Establish a connection
AWS keys
- Enter the Connection Name.
- Choose your Region from the drop-down menu.
- Select AWS Keys credentials type.
- Enter Your AWS Access key id and Secret access key.
- Assume Role Timeout (Seconds): The default value is 3600. You can adjust this value as needed for your specific configuration.
note
To ensure connection stability, configure the Maximum session duration for the IAM Role in the AWS Console to 12 hours (43200 seconds).
- Click Test Connection to verify your connection is up to the task. If the connection succeeded, you can now use this connection in Data Integration.
IAM role - automatic
- Type in the Connection Name.
- From the drop-down menu, choose your Region.
- Select IAM Role - Automatic credentials type.
- To initiate the AWS CloudFormation Stack, click the Launch Stack.
- Replace the External ID in the Parameters section with the one you were given in the Data Integration console.
- Check 'I acknowledge that AWS CloudFormation may create IAM resources' in the Review tab, then click Create.
- Copy the value of 'AssumeRoleArn' from the Output tab in the stack.
- Paste the Role ARN Key.
- Assume Role Timeout (Seconds): The default value is 3600. You can adjust this value as needed for your specific configuration.
note
To ensure connection stability, configure the Maximum session duration for the IAM Role in the AWS Console to 12 hours (43200 seconds).

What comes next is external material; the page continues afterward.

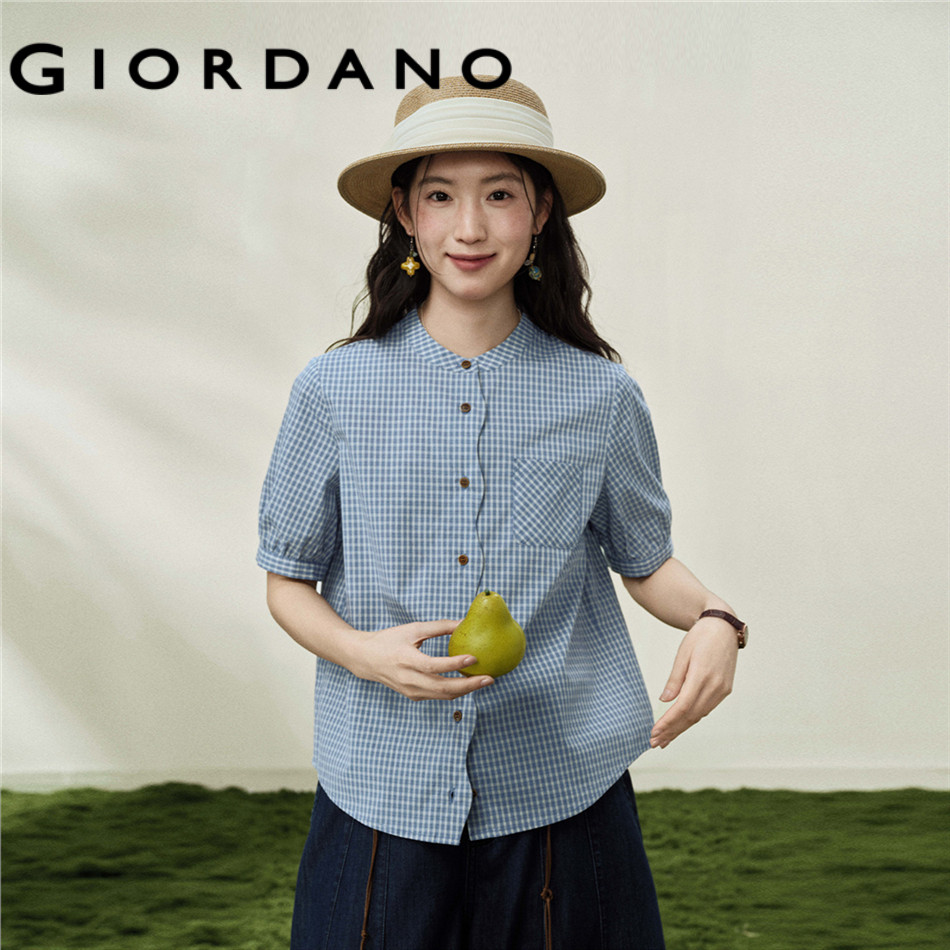 GIORDANO WOMEN Pure cotton checkered wave edge collar woven shirt. - High Quality 18346709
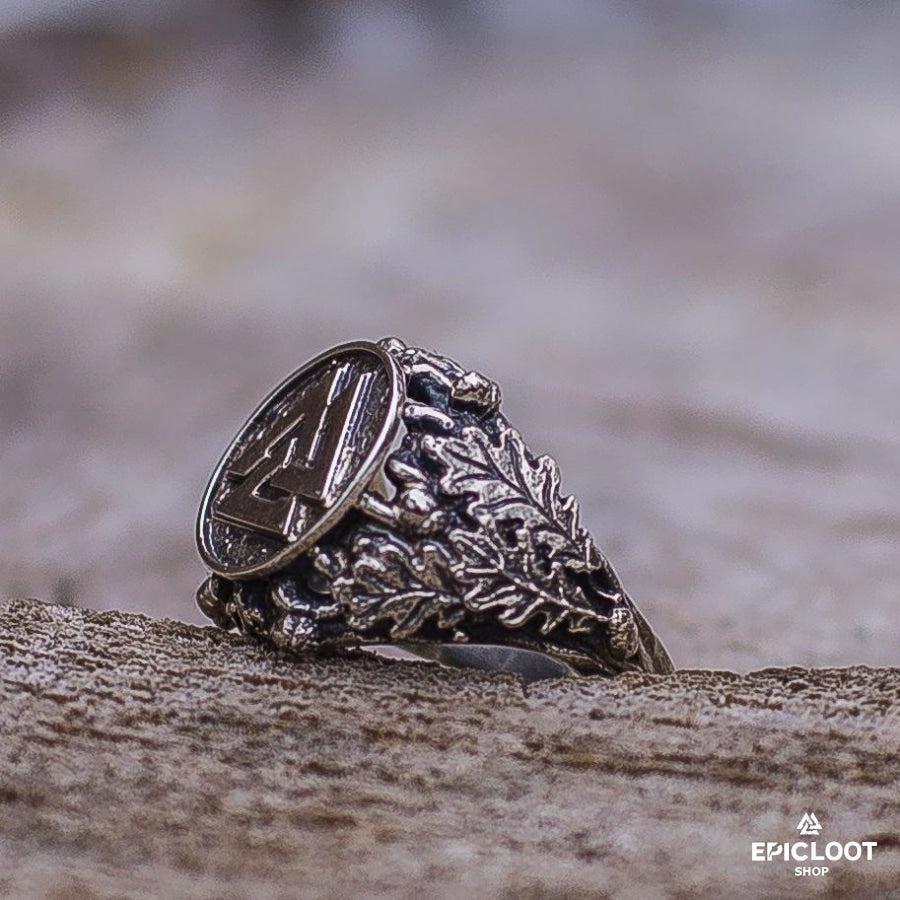 925 Silver Valknut Ring with Oak Leaves and Acorns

- Click Test Connection to verify your connection. If the connection succeeded, you can now use this connection in Data Integration.
IAM role - manual
-
Type in the Connection Name.
-
From the drop-down menu, choose your Region.
-
Select IAM Role - Automatic credentials type.
-
Initiate the AWS IAM console.
-
Click Policies on the side menu, and select Create Policy.
a. Navigate to the JSON tab.
b. Copy the following policy:
{
"Version":"2012-10-17",
"Statement":[
{
"Sid":"RiveryManageFZBucket",
"Effect":"Allow",
"Action":[
"s3:GetBucketCORS",
"s3:ListBucket",
"s3:GetBucketAcl",
"s3:GetBucketPolicy"
],
"Resource":"arn:aws:s3:::`<RiveryFileZoneBucket>`"
},
{
"Sid":"RiveryManageFZObjects",
"Effect":"Allow",
"Action":[
"s3:ReplicateObject",
"s3:PutObject",
"s3:GetObjectAcl",
"s3:GetObject",
"s3:PutObjectVersionAcl",
"s3:PutObjectAcl",
"s3:ListMultipartUploadParts"],
"Resource":"arn:aws:s3:::`<RiveryFileZoneBucket>`/*"
},
{
"Sid":"RiveryHeadBucketsAndGetLists",
"Effect":"Allow",
"Action":"s3:ListAllMyBuckets",
"Resource":"*"
}
]
}c. Paste the Policy it into the description box, then click Review Policy.
-
Name the Policy - 'Data Integration-S3-Policy' and click Create Policy.
-
Click Roles on the side menu, and select Create Role.
-
Select Another AWS Account and change the Account ID to the one you were given in the Data Integration console.
-
Check Require External ID, and set External ID to the one you were given in the Data Integration console.
-
Click Next.
-
Attach the 'Data Integration-S3-Policy' to the Attach Policy form.
-
Set Data Integration-S3-Role as the role name.
-
Copy the Role ARN From the Role's window and paste it into the field below.
-
Assume Role Timeout (Seconds): The default value is 3600. You can adjust this value as needed for your specific configuration.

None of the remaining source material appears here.